Disapo/Douglas: Apotheker:innen warnen vor den Folgen Carolin Ciulli, 21.02.2022 15:02 Uhr
Die Freie Apothekerschaft bewertet den Kauf der niederländischen Versandapotheke Disapo durch die Parfümeriekette Douglas kritisch. „Die Übernahme wird erlaubt werden, ohne die vorgeschriebene Prüfung des Verbraucherschutzes“, sagt die Vorsitzende Daniela Hänel. Die Partnerschaft sei ein Beispiel für eine digitale Entwicklung, die nur ökonomische Ziele im Blick habe und die heilberuflichen Aspekte ausspare.
Hänel warnt angesichts der Übernahme von Disapo durch Douglas vor einer reinen gewinnorientierten Zielsetzung, der ein Ende gesetzt werden müsse. „Auch ein gesamtwirtschaftlicher Schaden wird in Deutschland hervorgerufen, weil Umsätze im Ausland gefördert werden“, sagt sie. Sie kritisiert, dass das E-Rezept beispielsweise über PDE-5-Hemmer, Hormone, Antibiotika oder inhalative Beta-Blocker „unkontrolliert über ein paar Klicks erstellt“ werden. Nach einer gewissen Zeitspanne, die „hauptsächlich durch das Personal der Lieferdienste determiniert wird“, komme die Ware beim Patienten an, ohne dass es einen „ernsthaften“ Kontakt zu medizinischem Personal gegeben habe.
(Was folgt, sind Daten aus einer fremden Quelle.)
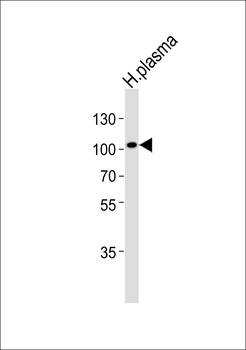 GSN Antibody (N-term)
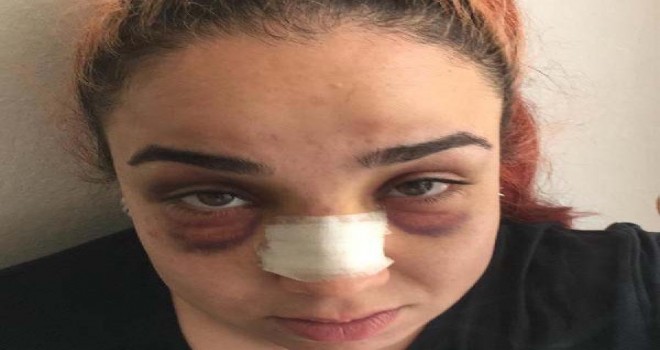 Çalışanının burnunu kıran patrona 4,5 yıla kadar hapis istemi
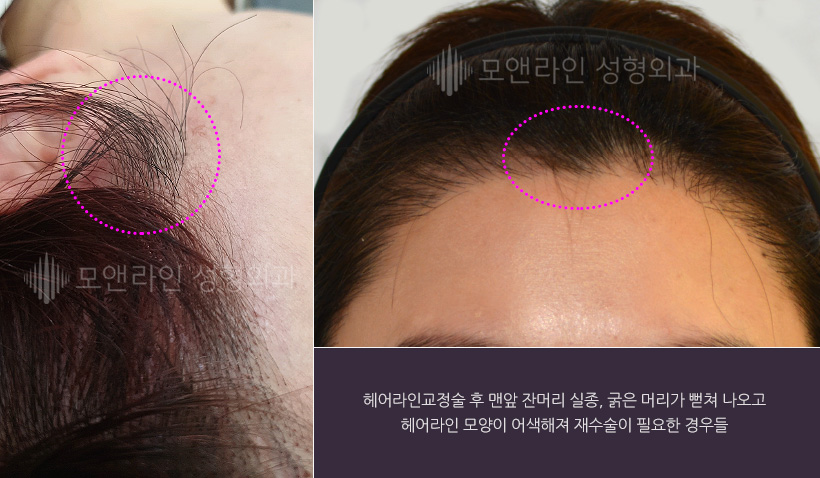 헤어라인교정술 후 맨앞 잔머리 실종, 굵은 머리가 뻗쳐 나오고 헤어라인 모양이 어색해져 재수술이 필요한 경우들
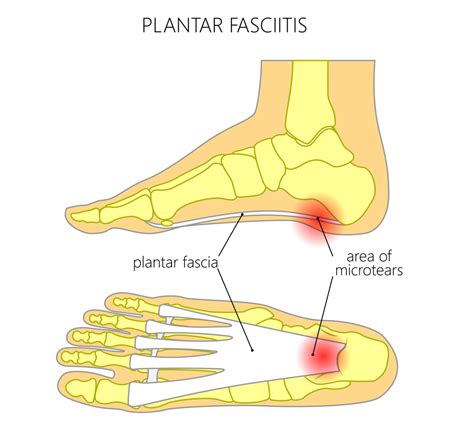 Foot Anatomy Plantar Fasciitis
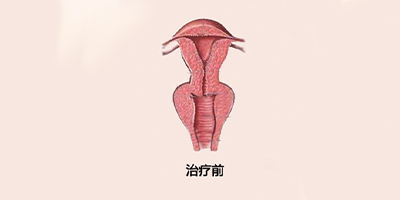 手术紧缩阴道术前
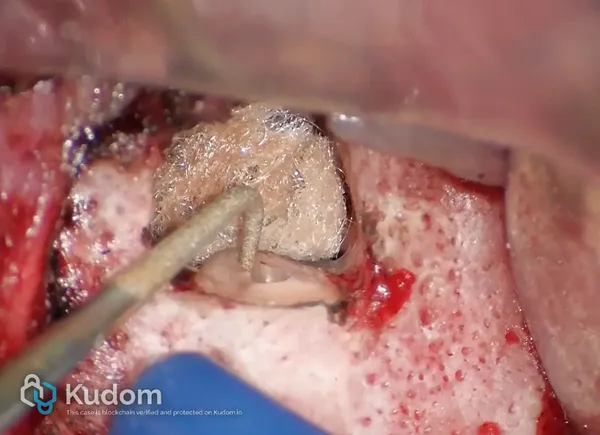 Microchirurgia Apicale Radice Mesio-Vestibolare di Molare Superiore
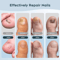 ClearNail Laser Nail Fungus Treatment Device For Toenail Care 3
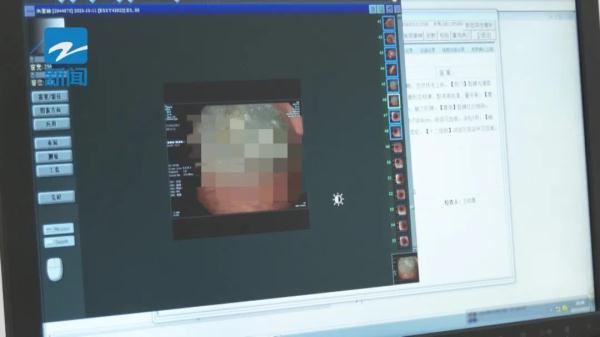 胃痛+吐血!老人吃了水果后胃里长出“乒乓球”,近期大量上市! 胃痛+吐血!老人吃了水果后胃里长出“乒乓球”,近期大量上市!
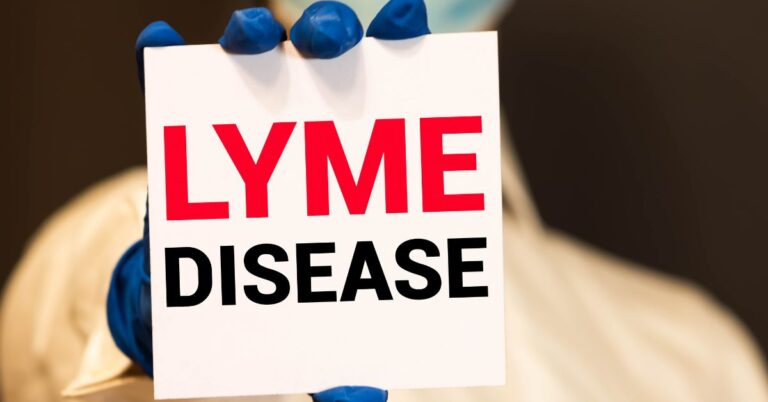 Lime Disease Is Real And No, It’s Not Just a Misspelling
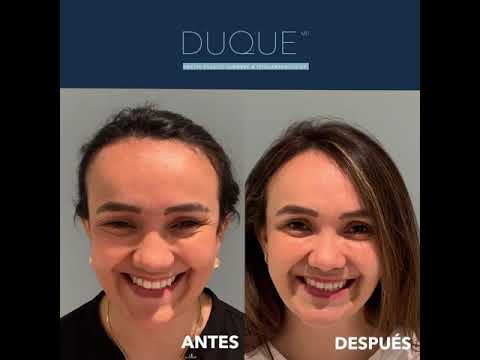 Antes y Después 7 | Dr. Jorge Duque Silva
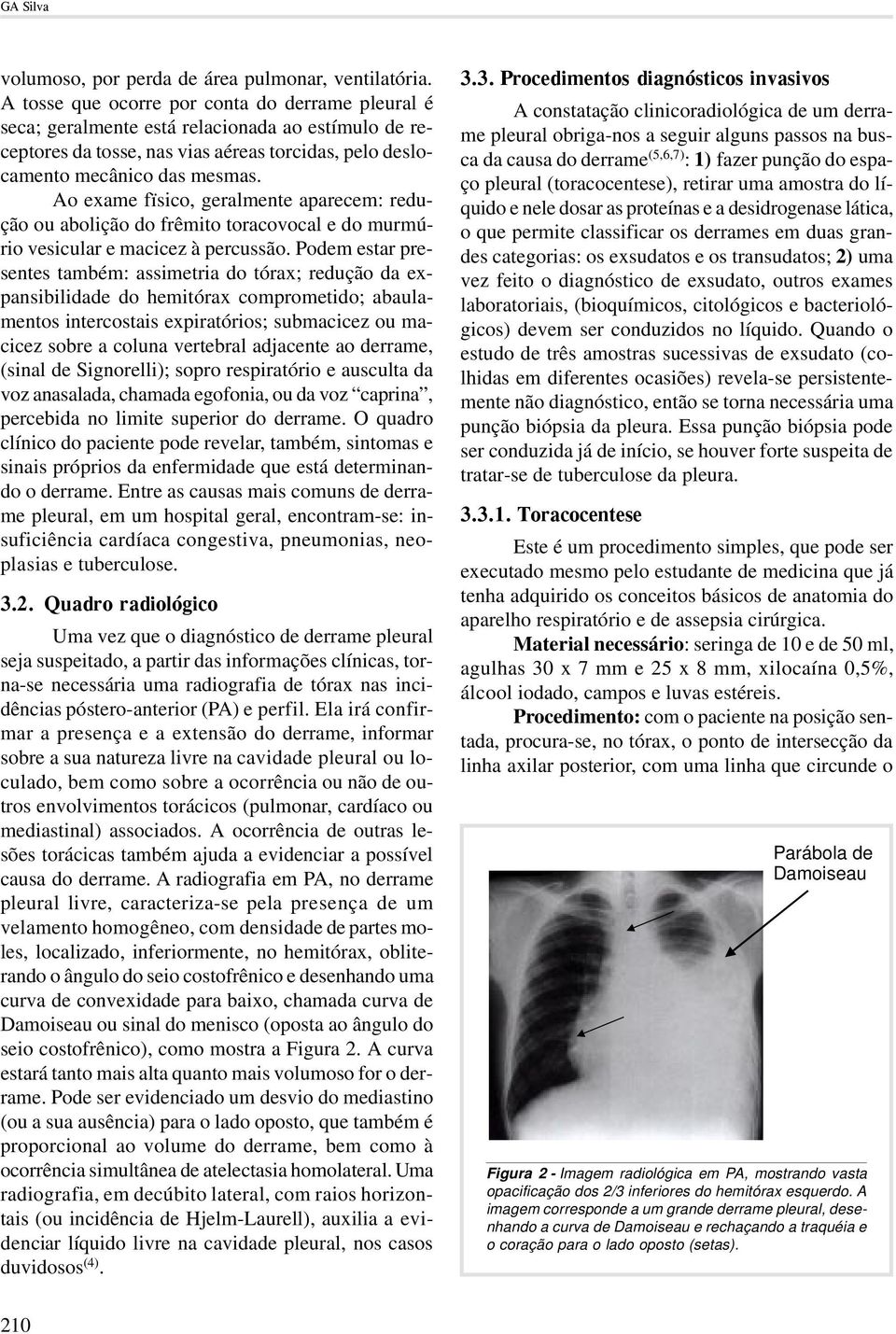 Ao exame fïsico, geralmente aparecem: redução ou abolição do frêmito toracovocal e do murmúrio vesicular e macicez à percussão.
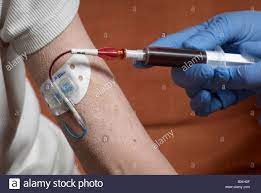 Drawing Blood From A Picc Line With Surgical Gloves (Peripherally Inserted  Central Catheter Stock Photo - Alamy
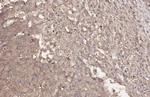 HHIP Recombinant Rabbit Monoclonal Antibody (HL1969)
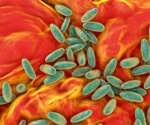 Why Is Plague Still a Threat? Historical Lessons and Future Preparedness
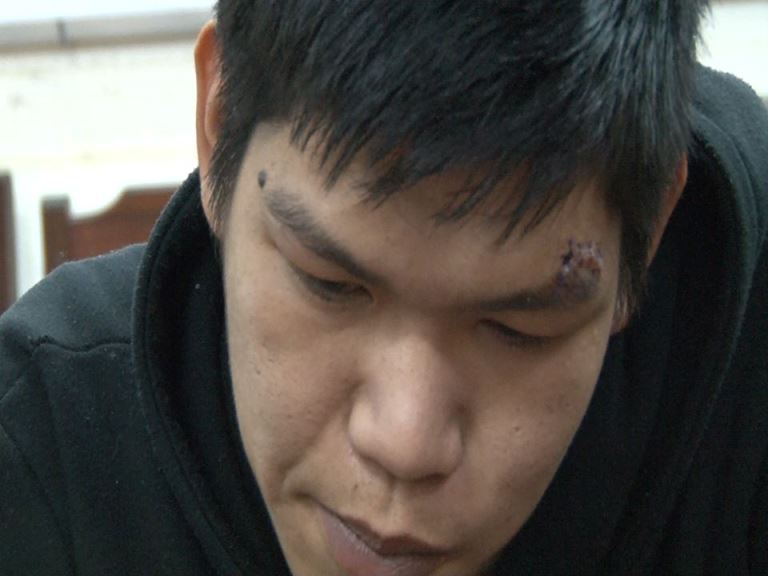 Bi- phat- hien- trom- do- con- nghien- lao- xe- ma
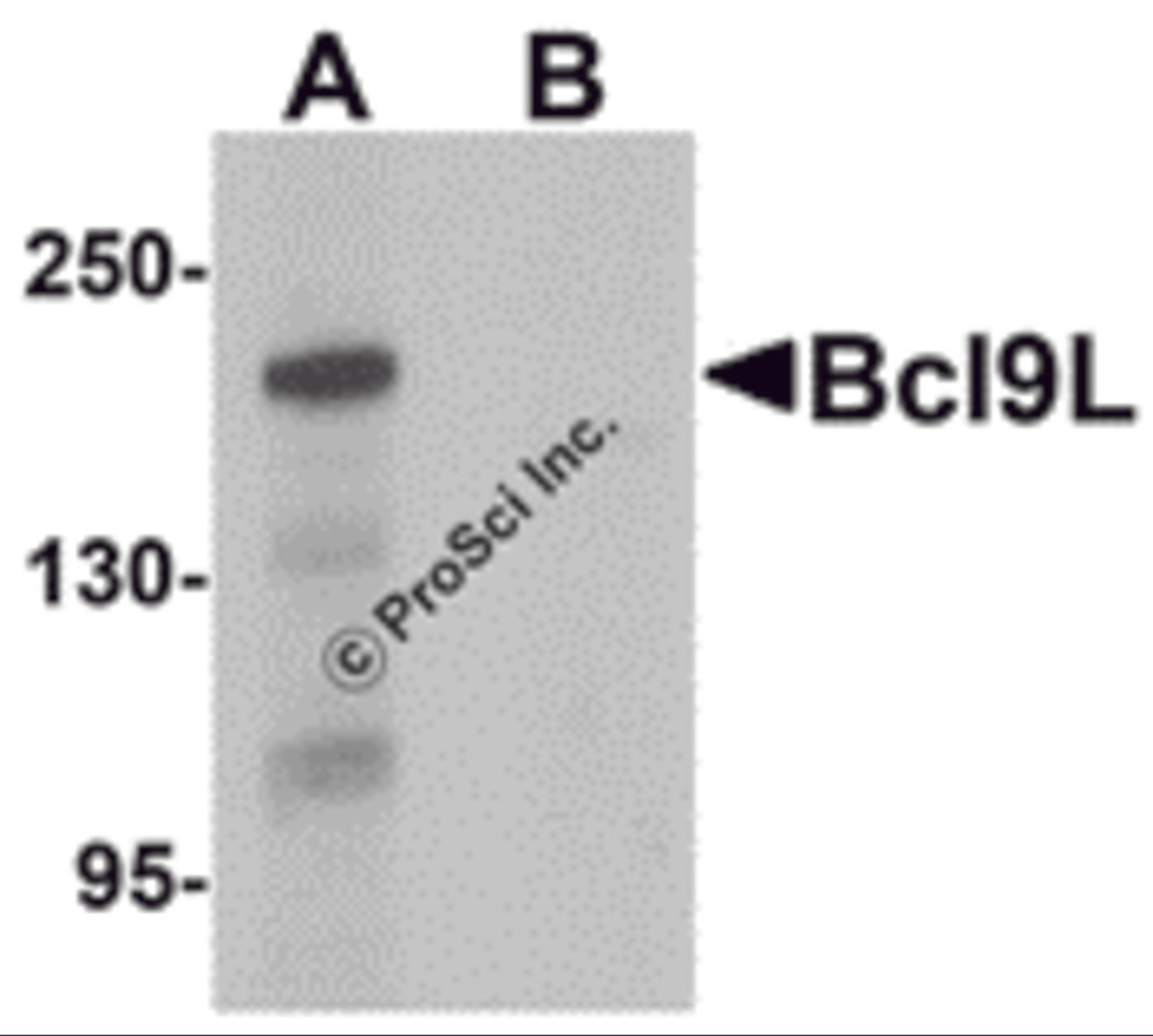 Western blot analysis of Bcl9L in HeLa cell lysate with Bcl9L antibody at 1 μg/mL in (A) the absence and (B) the presence of blocking peptide.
„Patientenwohl wird zur Nebensache“
„Patientensicherheit? Fehlanzeige!“, sagt sie. Stattdessen handele es sich um eine „freie Auswahl aus dem Sammelsurium an hochwirksamen Arzneimitteln“. Hänel: „Und wer gebietet Einhalt? Wer prüft die wahrheitsgemäßen Angaben des Online-Bestellers? Nebensache! Solange der Rubel rollt, ist alles ok.“
Zava sei nicht das einzige Beispiel, bei dem der direkte Kontakt zwischen Ärzt:innen und Patient:innen umgangen werde. DocMorris bewerbe die Kooperation des Partners TeleClinic – „natürlich mit dem Hintergedanken, seine DocMorris-Kunden an Teleclinic zu verweisen und die Verordnungen direkt selbst zu beliefern“. „Das Edikt von Salerno wird ausgehebelt, das Patientenwohl zur Nebensache, Hauptsache die Aktionäre und saudischen Investoren werden befriedigt“, so Hänel.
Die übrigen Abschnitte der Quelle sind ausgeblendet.